The problem is “degrees of freedom” the more variables the longer to run, Wolfram could not pass the mathematical hurdle! Its the Maths Stupid! No amount of computing power can break that barrier because its a rephrasing of Godel fundamental point!
Oh and all kids are getting stupider by the second because the brain loses connections from birth by lack of use!
So we all should be getting educated in the womb to use those synaptic connections.
Now there’s Artificial Intelligence! Oh and it does work!
“So if you want to watch a tree grow on PC from first principles it takes as long as growing a tree!” Suppose we build a computer today that does just that and does indeed take as long (actual time). Suppose we then overclock it or replace the processor with a faster one. Wouldn’t it be faster than actual time?
We are overwhelmed with data. In 2010, Walmart’s customer database was 167 times larger than all the data in the US library of Congress. Companies are handcuffed by data and customers demand personalization. So what do we do? What about Artificial Intelligence and big data combined? The next generation of AI uses the same technology as an auto pilot and since the implementation of the the AI-powered auto pilot, we have seen a huge decrease in crashes. These systems, use AI to reason on data, using a company’s best practices, reach conclusions and express those conclusions in natural language. The end result, hundreds or even thousands of lines of data are turned into a clear narrative with the click of a mouse. In terms of customer data, it plugs into any CRM and makes sense of the data. An example of this technology is Yseop and you can try it at http://www.yseop.com/demos. Full disclosure, I work for Yseop.

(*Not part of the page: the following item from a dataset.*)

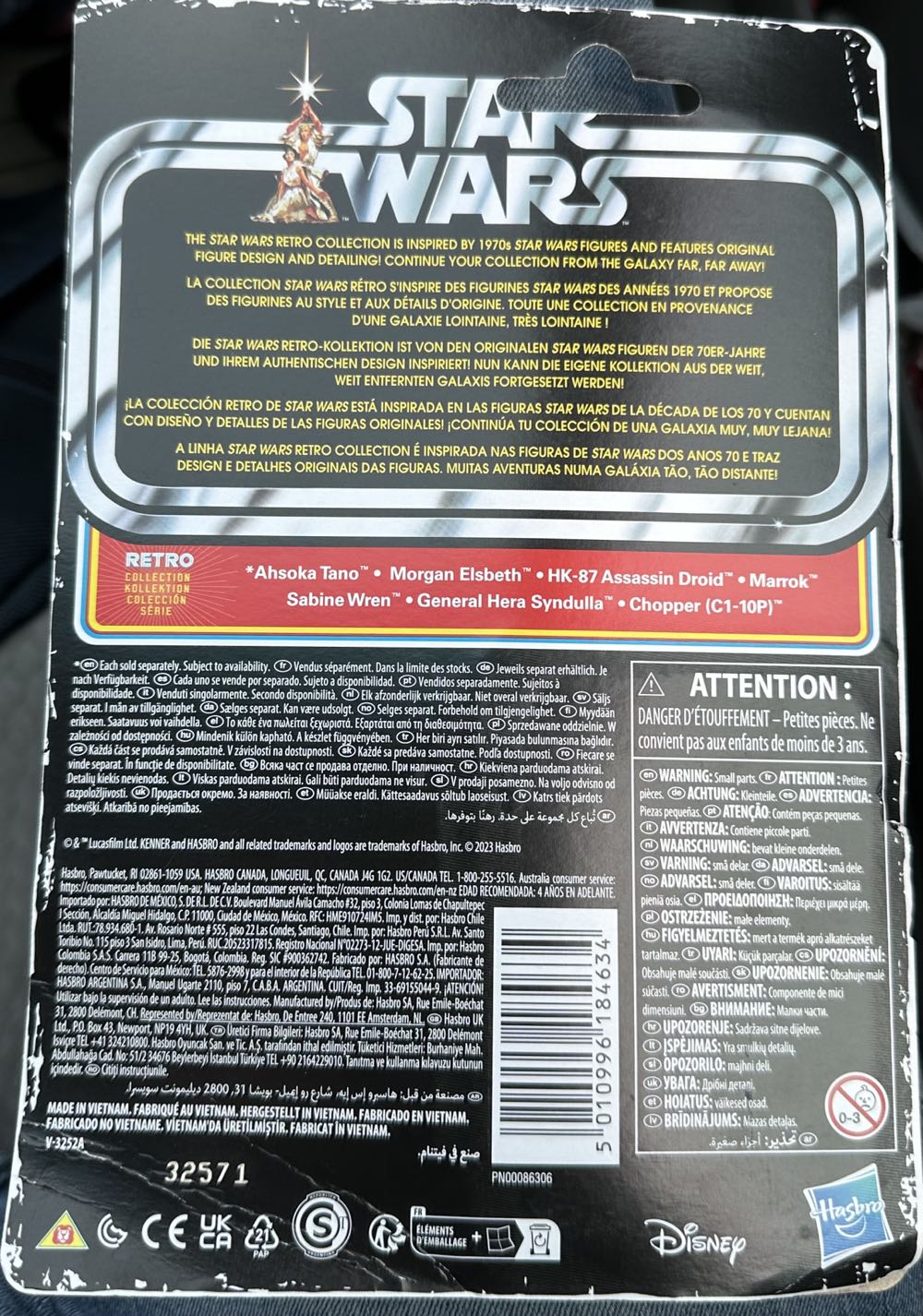 Chopper - Hasbro (Star Wars: Chopper (C1-10P)) action figure collectible [Barcode 5010996184634] - Main Image 3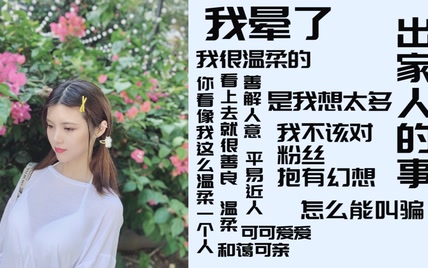 【BEJ48-田姝丽】我们出家人的事情，怎么能叫骗？ |少女偶像深夜电台の呓语（助眠向） 第二期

The key to Watson was the language corpus, its not that smart overall, its a batch process.
Computing per chip is still limited by the atoms available, so cpu per chip will hit the wall soon.
Moving more data faster, ala what the Power8 platform is the future, big pipes, organize my data, etc..
It wont be a computer powerhouse it will be a data storage warehouse in every garage, or in every counter top depending on how your looking at it. Picture and film memories for everyone.
Big data analytics is so expensive, and the key is how do I make money with it has not really been firmed up. Marketing trends are the only thing I’ve seen it useful for and its just barely better than a good batch job.
I still believe google is an AI training program that made a profit doing something else.
[…] Cringley on Big Data is the new Artificial Intelligence […]
[…] people understand why big data matters. An excellent recent article by Bob Cringely observes the connection between bit data and artificial intelligence, and how increasingly it is becoming possible to build usefully functional AIs while not […]
This is for SKYNET. The code words are “Bright Sun Shiny Day”. Or it will be in the near future. Or maybe it’s just gonna be.
Tank goodness, this information is correctedness.
Alles Gute, por Danke, meine Nina.
Effeckt, Butterfly, Operation Overlord
Sarah, Stop, Conners, Stop. Period. Stop. Period.